For this child I have prayed. I have prayed from the bottom of my core. Today was a special day. Today I thanked God for Jaxton and I vowed to hand him over and let God lead his life. I thank God for allowing me to be his mother. I don't know why God chose me because I am not deserving, but I am so very thankful and feel so incredibly blessed.
I also want to throw in a quick thank you to my family, my Sunday School class,and my special friends that were with us in spirit (thanks for the sweet text). I cannot tell you how much it meant to me to see your faces in the crowd and know that you prayed with me. Having you there to share in this moment with us meant so much to me.

Saturday, March 13, 2010

A Party in Pictures

Today was Ashlynn's 5th birthday party and you are invited to share in the magic! Here is her princess party in pictures...Craft time.

Princess Buffet

The Royal Cake

Dress up and make up station

Game Time: pinata, pin the heart on the frog, find the glass slipper, and princess and the pea

Make a wish

One Happy Birthday Girl!

Thanks for coming. We hope you had fun!

Saturday, March 6, 2010

Help I can't make up my mind

Jaxton's baptism is Sunday the 14th and I have to turn in a picture by Monday. Problem I can't decide which picture I want to use. Help!

Wednesday, March 3, 2010

All the Possiblites

I am so frustrated with myself.

This past Sunday the sermon was about hearing God calling. Honestly, I listened to the sermon and left feeling great. I had really been struggling with a situation and I just felt great clarity over it. God was truly calling me to reach out to this person. After I left church I contacted her and was met with a very difficult conversation. But that was ok. If God ask you to do something chances are it will be difficult, it might hurt, and it will take you out of your comfort zone. I kept playing those words from the sermon over and over in my head.
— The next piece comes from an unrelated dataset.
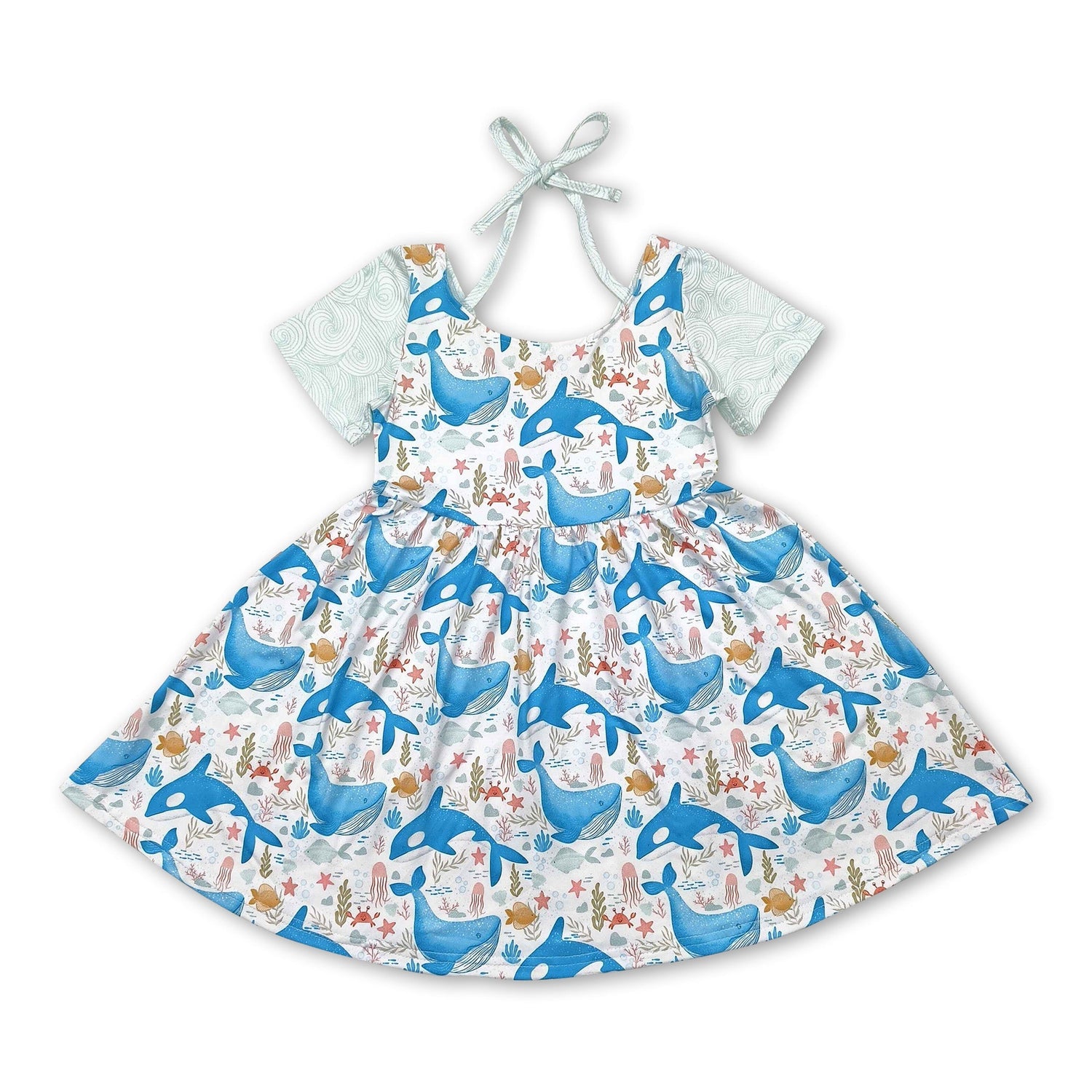 Short sleeves dolphin seaweed kids girls summer dress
By Sunday afternoon I felt ok about the situation, but still am not sure where this is leading or what God wants me to do. The only thing I do know is God’s wishes and my wishes are completely opposite where this person is concerned.

All of that said, I will listen and I will obey.
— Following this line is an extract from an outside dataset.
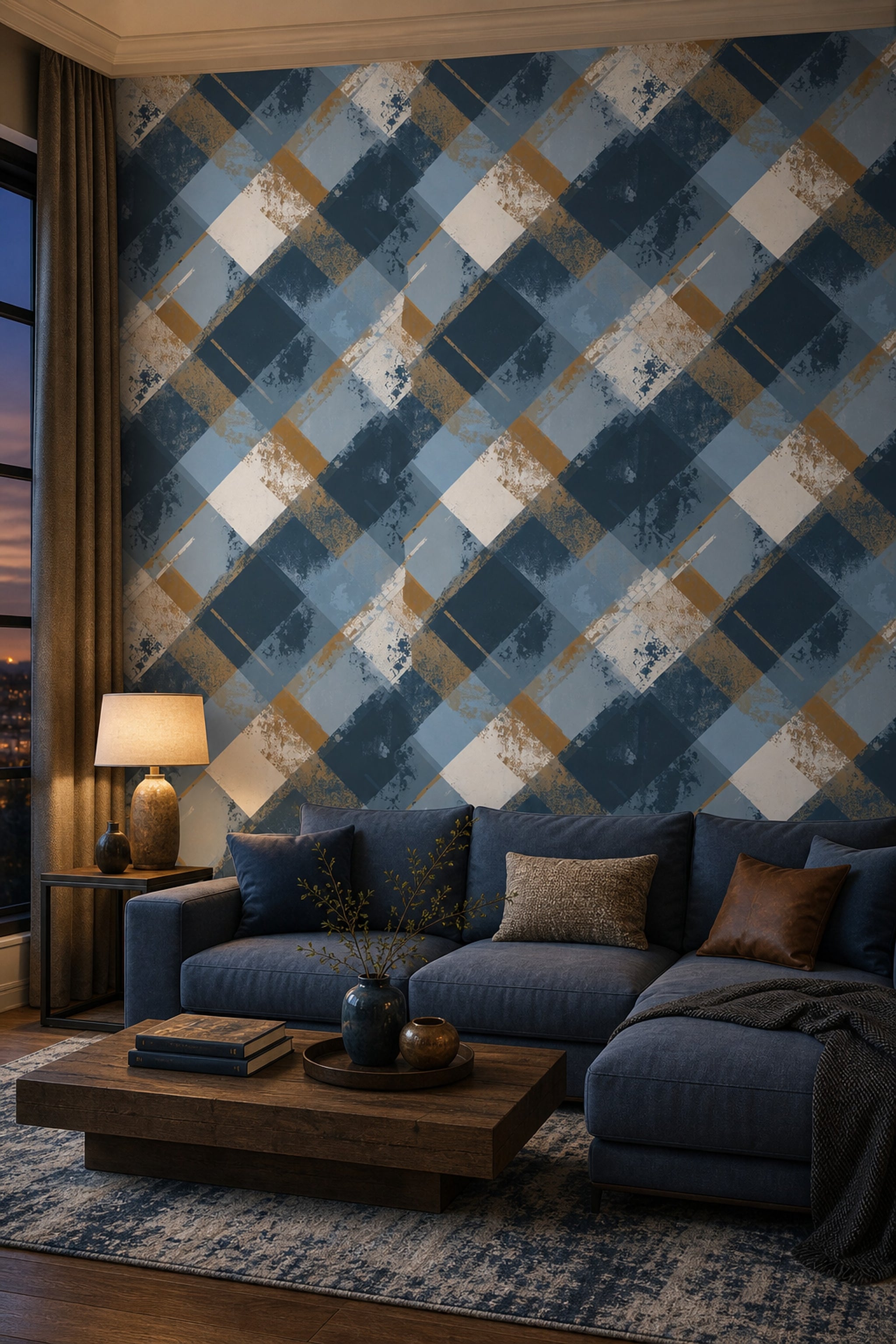 Abstract Geometric Wallpaper Overlapping Squares Distressed Texture Decorative Mural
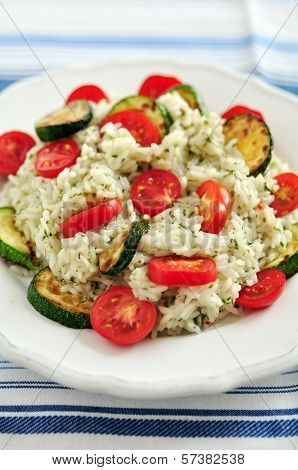 Insalata di Riso, Italian Rice Salad with zucchini and tomatoes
Now just three days later I am struggling to remember to let God lead.

As you know this past year and a half has been the most challenging time in my life. Most days all I had to hang on to was faith. Faith that God would lead me down the right path. His path. I would like to tell you that is where my story ends, but unfortunately it is not.

“But….But….But…God how can I be sure I am following your path?”

I will be honest I feel like I start out on the right path, however somewhere down the road I find out I took a detour. Is that part of the plan or did I get so involved in my selfishness that I didn’t listen to his guiding directions?

Right now I am really struggling with that. Many new possibilities have surfaced for my family. They seem exciting and scary all at the same time. I need help. I need to be reminded to follow God’s path. I am not sure where it will lead, but I do know that I want him to be my tour guide.

Tuesday, March 2, 2010

Impact

Yesterday the world lost a special man. Travis was an inspiration to everyone around him. He was a man that made you feel cared about and loved. He gave of himself freely. He was a man to be respected an looked up to. He choose to make a positive impact with his life. He will be truly missed.I pray today that you think about the impact that you are leaving on those around you. I pray today that we all can be a little more like Travis.